# Description of the task
Range to reproduce from the entries below: the line with "Translucent toiletry case", the line with "Amplia sala de", and every line in between. Give them exactly and give nothing else.

# Dataset content

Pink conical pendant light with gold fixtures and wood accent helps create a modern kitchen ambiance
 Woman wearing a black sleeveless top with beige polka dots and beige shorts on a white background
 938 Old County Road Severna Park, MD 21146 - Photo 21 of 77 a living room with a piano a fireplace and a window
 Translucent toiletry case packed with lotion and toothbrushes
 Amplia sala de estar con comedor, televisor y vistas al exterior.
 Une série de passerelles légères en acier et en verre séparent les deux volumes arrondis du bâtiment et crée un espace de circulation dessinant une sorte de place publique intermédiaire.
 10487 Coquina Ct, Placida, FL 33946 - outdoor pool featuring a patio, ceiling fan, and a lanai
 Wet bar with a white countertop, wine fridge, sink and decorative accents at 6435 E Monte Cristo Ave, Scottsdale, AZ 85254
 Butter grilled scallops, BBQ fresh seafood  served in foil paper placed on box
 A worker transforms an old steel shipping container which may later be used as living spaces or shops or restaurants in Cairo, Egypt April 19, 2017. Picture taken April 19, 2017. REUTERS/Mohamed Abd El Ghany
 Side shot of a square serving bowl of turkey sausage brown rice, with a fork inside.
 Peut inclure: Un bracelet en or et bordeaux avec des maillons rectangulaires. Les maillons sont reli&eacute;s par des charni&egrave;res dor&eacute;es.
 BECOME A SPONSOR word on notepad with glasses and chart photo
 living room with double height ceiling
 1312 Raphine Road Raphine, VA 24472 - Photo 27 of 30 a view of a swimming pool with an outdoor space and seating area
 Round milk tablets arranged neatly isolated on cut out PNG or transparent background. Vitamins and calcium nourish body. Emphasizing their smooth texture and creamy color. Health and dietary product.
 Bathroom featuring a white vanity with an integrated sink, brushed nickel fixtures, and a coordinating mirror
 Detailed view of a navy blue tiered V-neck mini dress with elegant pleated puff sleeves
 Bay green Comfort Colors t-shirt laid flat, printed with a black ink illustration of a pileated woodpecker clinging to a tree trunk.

# Expected answer
 Translucent toiletry case packed with lotion and toothbrushes
 Amplia sala de estar con comedor, televisor y vistas al exterior.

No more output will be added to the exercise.